Print exactly the lines from the one that contains "شوكة حفر متينة" through the final line of the entries below, both included, and nothing else; omit the pictures.

Saved entries:
*** Block opens ***
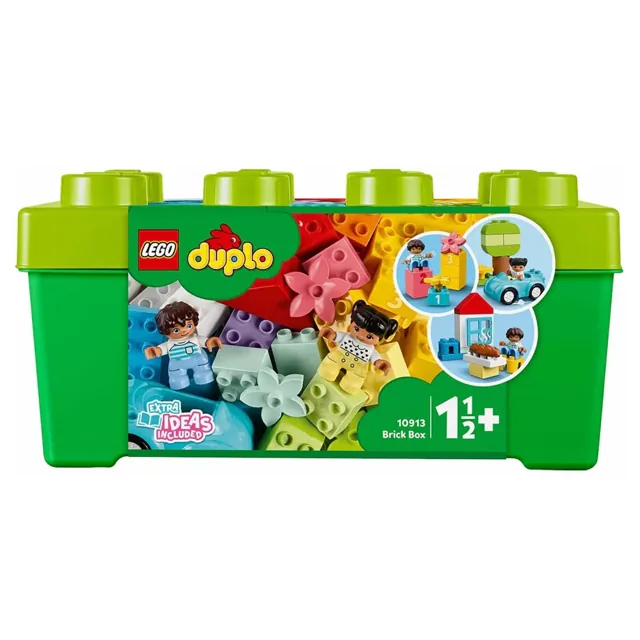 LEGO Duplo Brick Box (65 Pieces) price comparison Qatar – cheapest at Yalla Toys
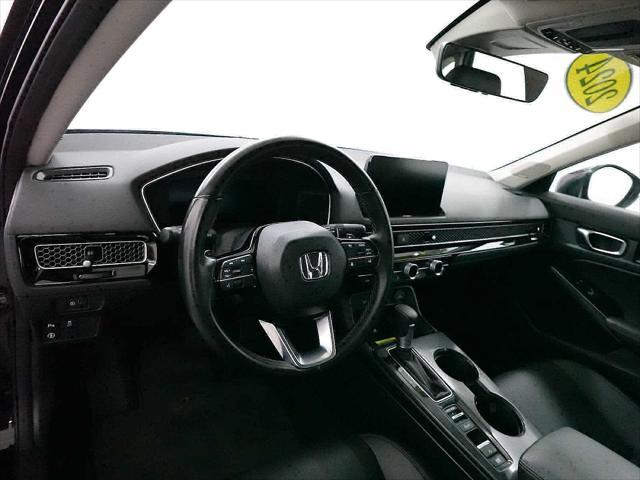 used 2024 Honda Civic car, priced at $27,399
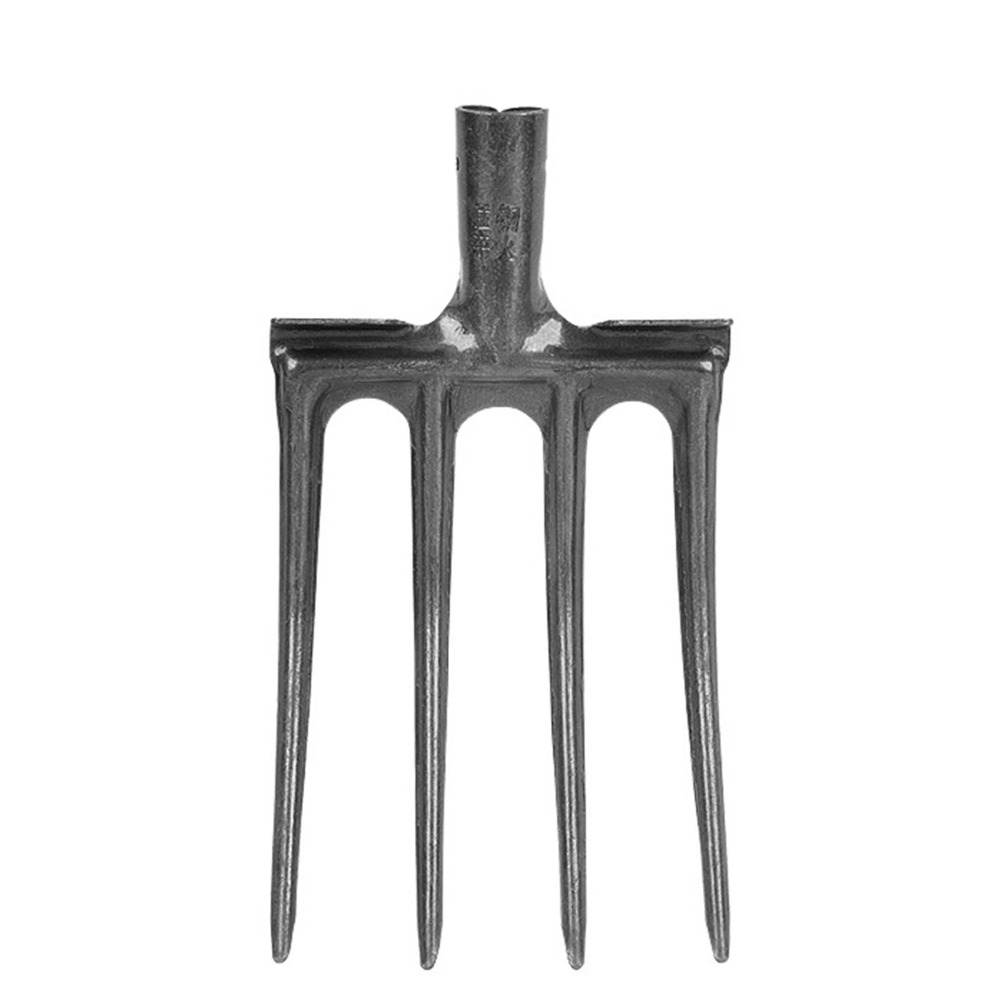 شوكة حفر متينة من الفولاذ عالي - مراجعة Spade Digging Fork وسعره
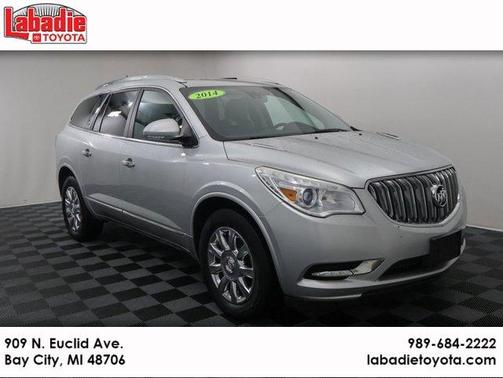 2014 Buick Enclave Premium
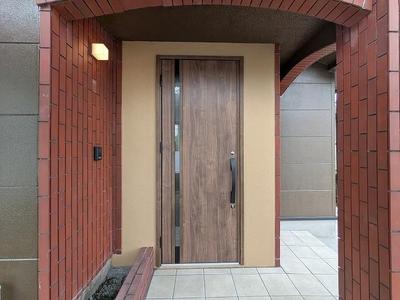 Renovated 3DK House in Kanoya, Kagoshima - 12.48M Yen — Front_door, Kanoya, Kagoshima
*** Block closes ***
● REPLY TO THE EXERCISE:
 شوكة حفر متينة من الفولاذ عالي - مراجعة Spade Digging Fork وسعره
 2014 Buick Enclave Premium
 Renovated 3DK House in Kanoya, Kagoshima - 12.48M Yen — Front_door, Kanoya, Kagoshima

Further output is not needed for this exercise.